La confianza en las instituciones democráticas, sin embargo, no es un fenómeno que se haya producido de manera instantánea y permanente. Después de las promesas iniciales de Raúl Alfonsín y la importancia histórica del Juicio a las Juntas, llegó su claudicación cuando impulsó la sanción de las leyes de Obediencia Debida y Punto Final. Más tarde fue el turno de Carlos Menem y su indulto a los jerarcas, que eran los únicos que seguían en la cárcel. El efímero gobierno de Fernando de la Rúa no hizo nada por terminar con la impunidad y hasta se negó a que algunos acusados fueran extraditados a España, donde el juez Baltasar Garzón tramitaba causas judiciales. En su breve interinato, Eduardo Duhalde quiso dar vuelta la página, como si nada hubiera pasado.
Y tuvo que llegar Néstor Kirchner para demostrar que la Justicia era posible; es más, para demostrar que la condena a los crímenes de la dictadura era una condición necesaria para la consolidación de la legitimidad democrática. No solamente recogió las demandas históricas de los organismos y consiguió que se deroguen las leyes de impunidad, sino que además demostró, en todo momento, que no iba a dar marcha atrás en el tema. En un país que estaba devastado tras la crisis de 2001 y en el que nadie creía en nadie, mucho menos en la dirigencia política, vino un presidente que cumplió con su palabra. Yo tenía 15 años cuando Néstor bajó los cuadros de Videla y Bignone del Colegio Militar. Lloré en ese momento y vuelvo a llorar cada vez que miro ese video. Si alguien quiere analizar por qué tantos jóvenes se sienten identificados con el kirchnerismo, no tienen más que remontarse a aquel momento inicial de reparación. Fue un momento, un instante en el que muchos sentimos que había motivos para creer en ese hombre que venía del Sur y que ponía sobre la mesa algo que muchos querían olvidar.
Desde los sectores progresistas, celebraron la valentía de Kirchner y desde los sectores más conservadores lo acusaron de oportunista y vengativo. En ese sentido se inscriben las primeras críticas que recibió su gobierno, tanto del diario La Nación como de gobernadores del PJ y de Mirtha Legrand, con su famoso “Se viene el zurdaje”.

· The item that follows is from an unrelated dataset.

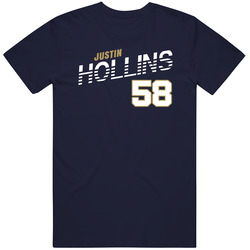 Justin Hollins 58 Favorite Player Los Angeles R Football Fan T Shirt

El ciclo kirchnerista vino a cicatrizar las heridas de la única manera en que se puede hacer, con Justicia. Sin ella, no hay posibilidad alguna de avance en materia democrática. Me parece importante que nosotros, los que nacimos en democracia, hagamos el esfuerzo de reconocer lo logrado y de dimensionar lo que era vivir en una dictadura salvaje. Me parece importante que pensemos en las cosas que hacemos ahora, desde las más frívolas a las más serias, y tratemos de ver si las podíamos hacer en ese entonces. Ese es el mejor ejercicio de reflexión y memoria que podemos hacer para construir una ciudadanía democrática, sobre todo en tiempos en que dirigentes irresponsables como Elisa Carrió dicen que estamos viviendo en una “dictadura avasalladora” de la que sólo puede defendernos el Grupo Clarín.